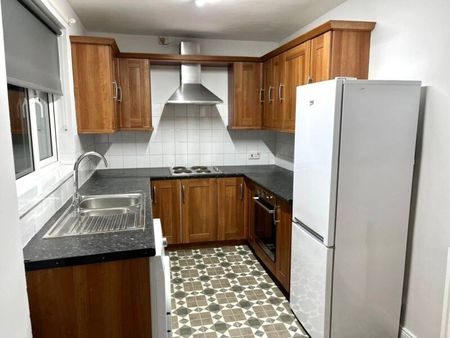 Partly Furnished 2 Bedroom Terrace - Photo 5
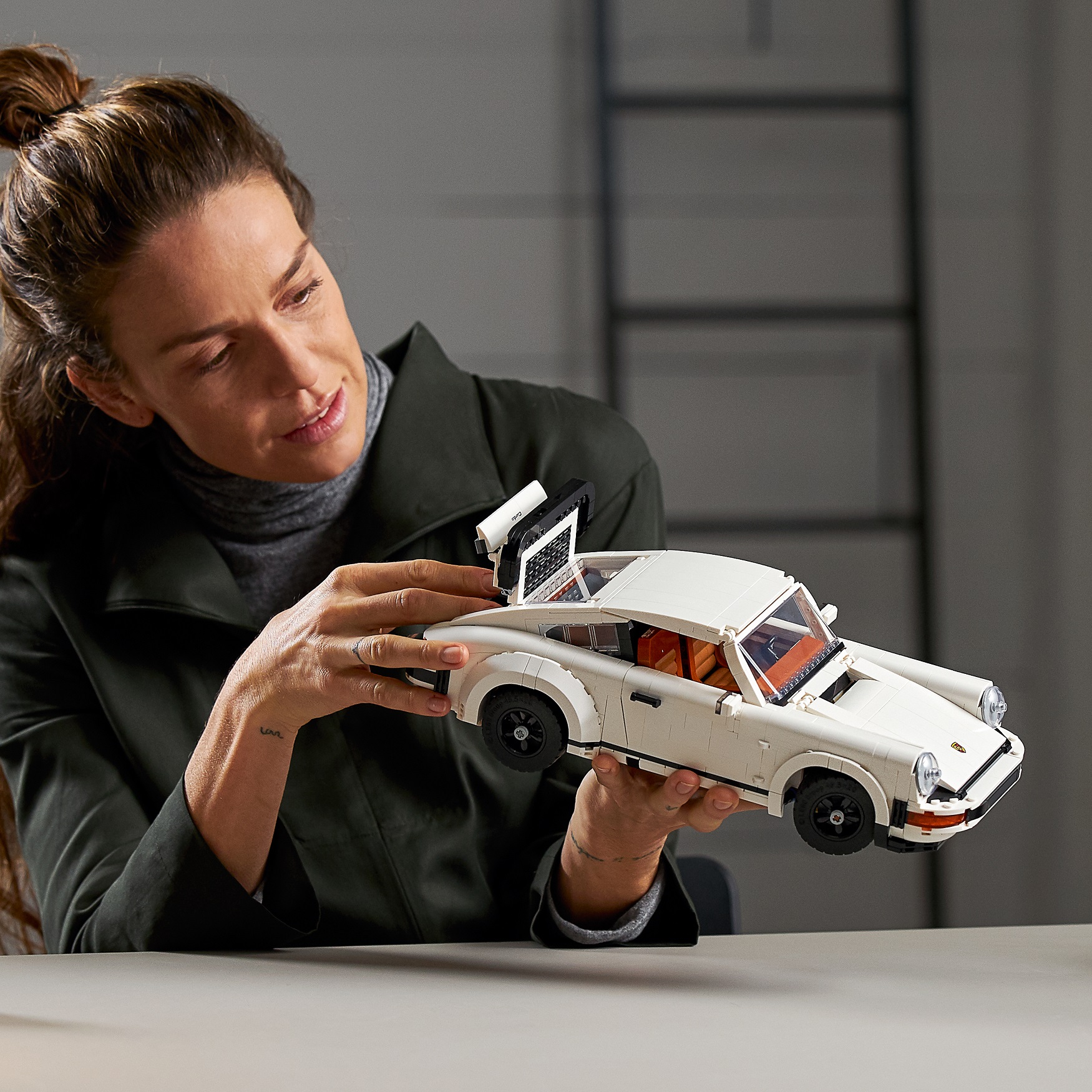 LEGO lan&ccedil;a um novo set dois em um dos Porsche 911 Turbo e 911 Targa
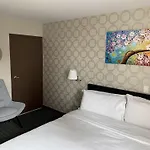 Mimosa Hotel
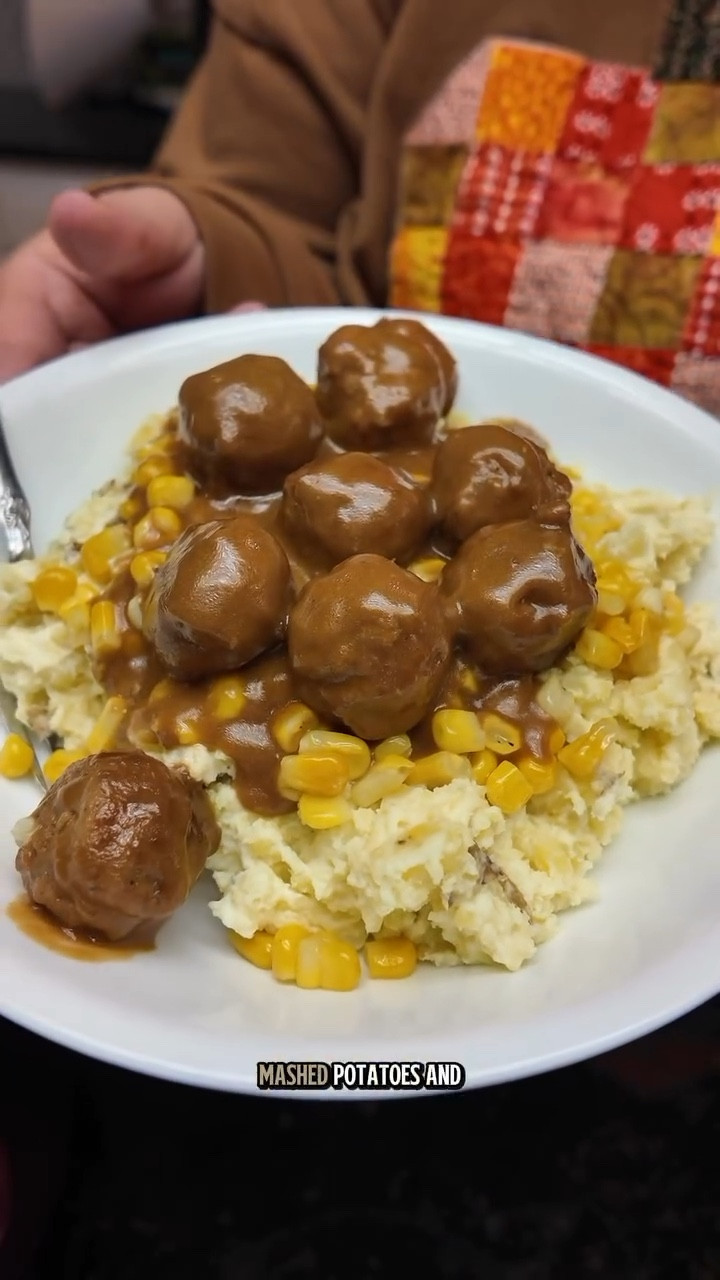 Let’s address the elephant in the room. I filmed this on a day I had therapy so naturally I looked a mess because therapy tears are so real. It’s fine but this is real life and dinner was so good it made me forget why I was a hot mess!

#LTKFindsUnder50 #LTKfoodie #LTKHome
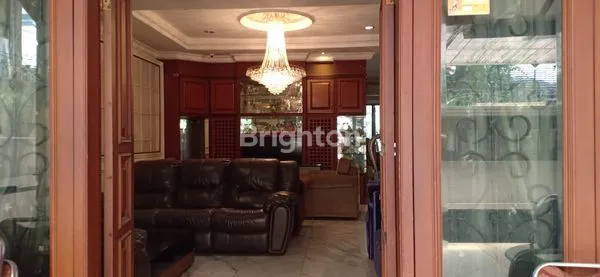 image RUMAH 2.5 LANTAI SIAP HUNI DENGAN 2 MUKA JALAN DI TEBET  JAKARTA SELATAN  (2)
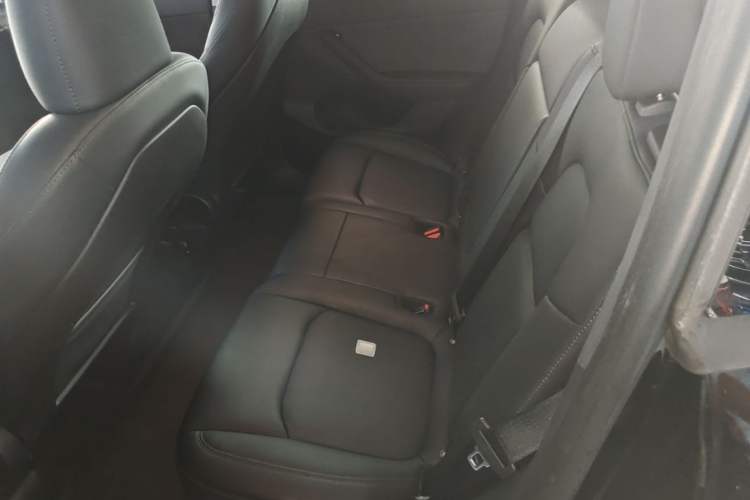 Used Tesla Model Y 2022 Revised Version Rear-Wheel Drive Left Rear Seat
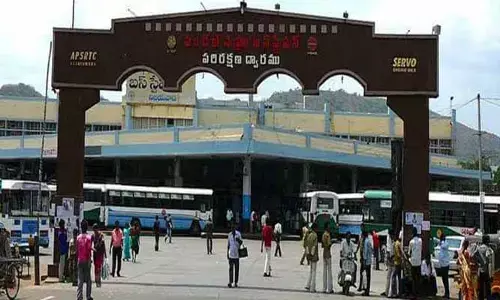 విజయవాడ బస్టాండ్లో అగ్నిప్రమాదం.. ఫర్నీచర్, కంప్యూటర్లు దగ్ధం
*****
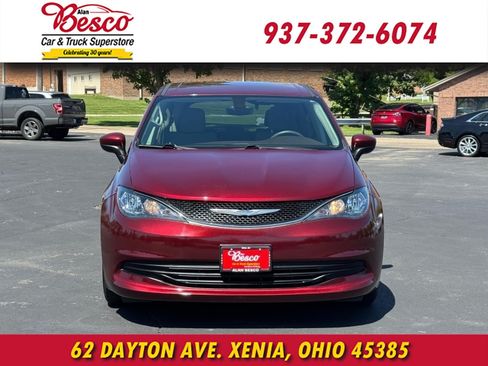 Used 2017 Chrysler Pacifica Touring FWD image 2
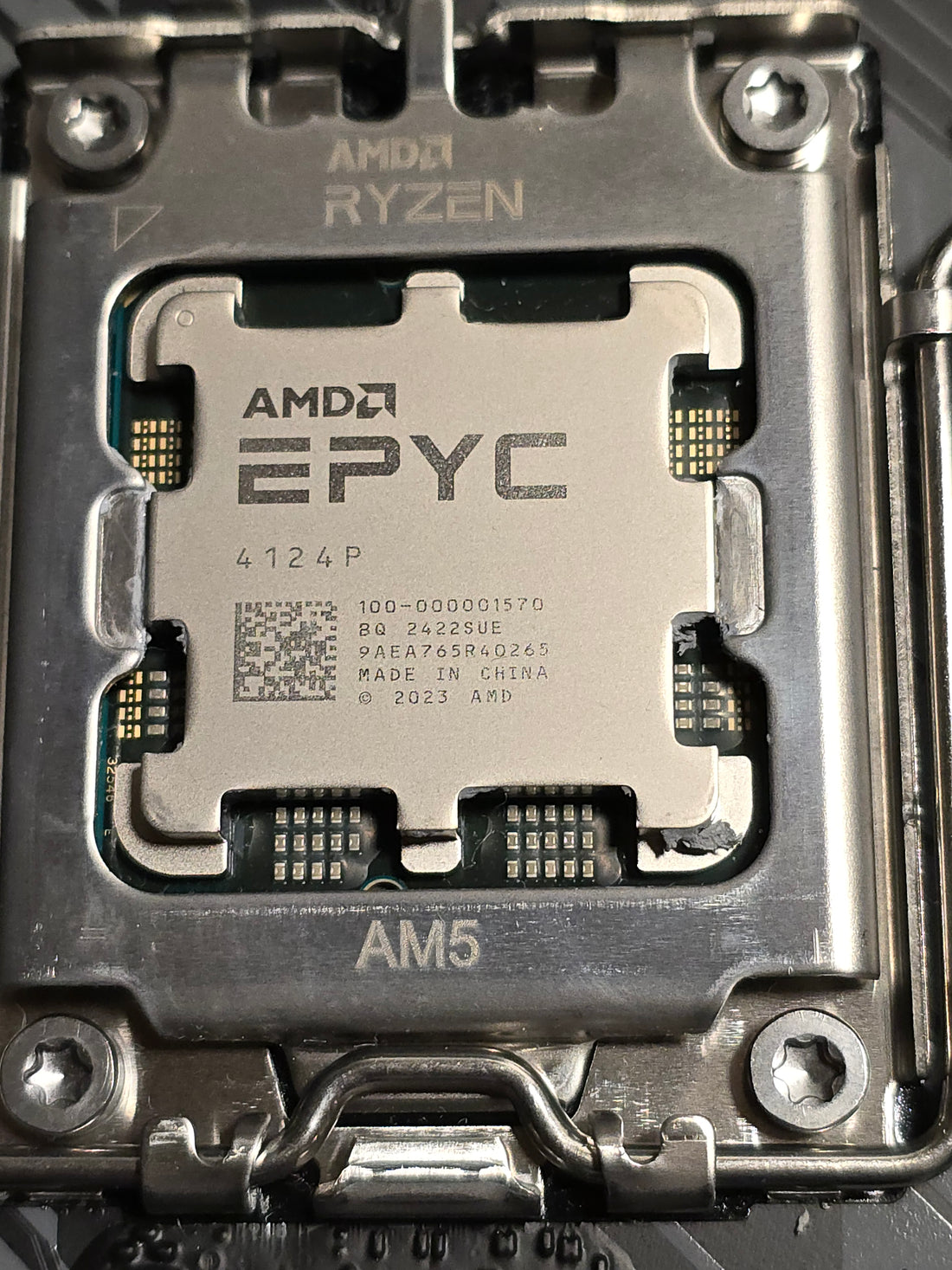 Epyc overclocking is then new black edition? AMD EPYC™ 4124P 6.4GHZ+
*****
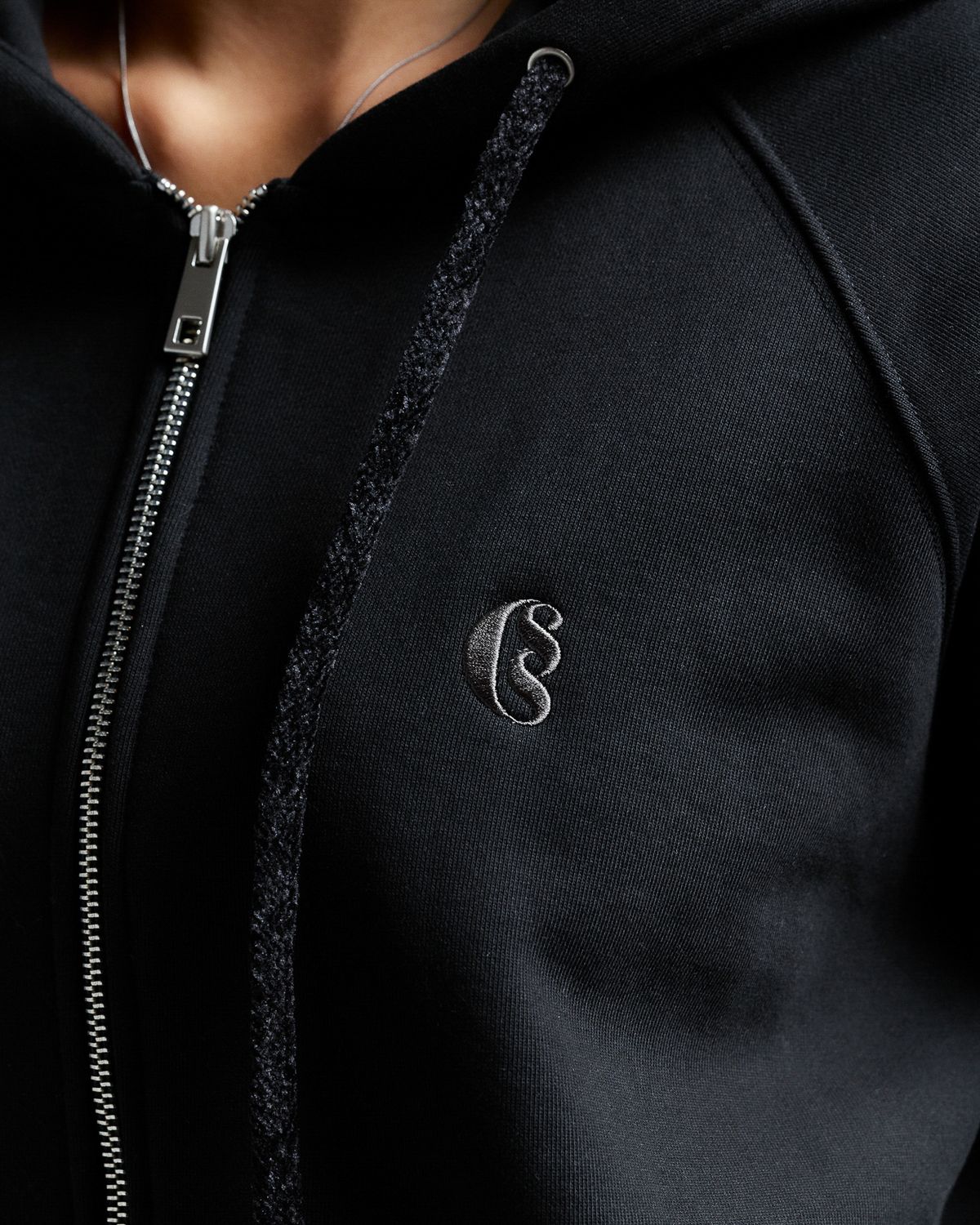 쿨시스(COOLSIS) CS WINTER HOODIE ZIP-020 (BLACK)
*****
*Exercise requirements*
Transcribe exactly the lines above, beginning at the one with "#LTKFindsUnder50 #LTKfoodie #LTKHome" and going up to and including the one with "విజయవాడ బస్టాండ్లో అగ్నిప్రమాదం..". Pictures do not belong in the copy.

*Answer box*
#LTKFindsUnder50 #LTKfoodie #LTKHome
 image RUMAH 2.5 LANTAI SIAP HUNI DENGAN 2 MUKA JALAN DI TEBET  JAKARTA SELATAN  (2)
 Used Tesla Model Y 2022 Revised Version Rear-Wheel Drive Left Rear Seat
 విజయవాడ బస్టాండ్లో అగ్నిప్రమాదం.. ఫర్నీచర్, కంప్యూటర్లు దగ్ధం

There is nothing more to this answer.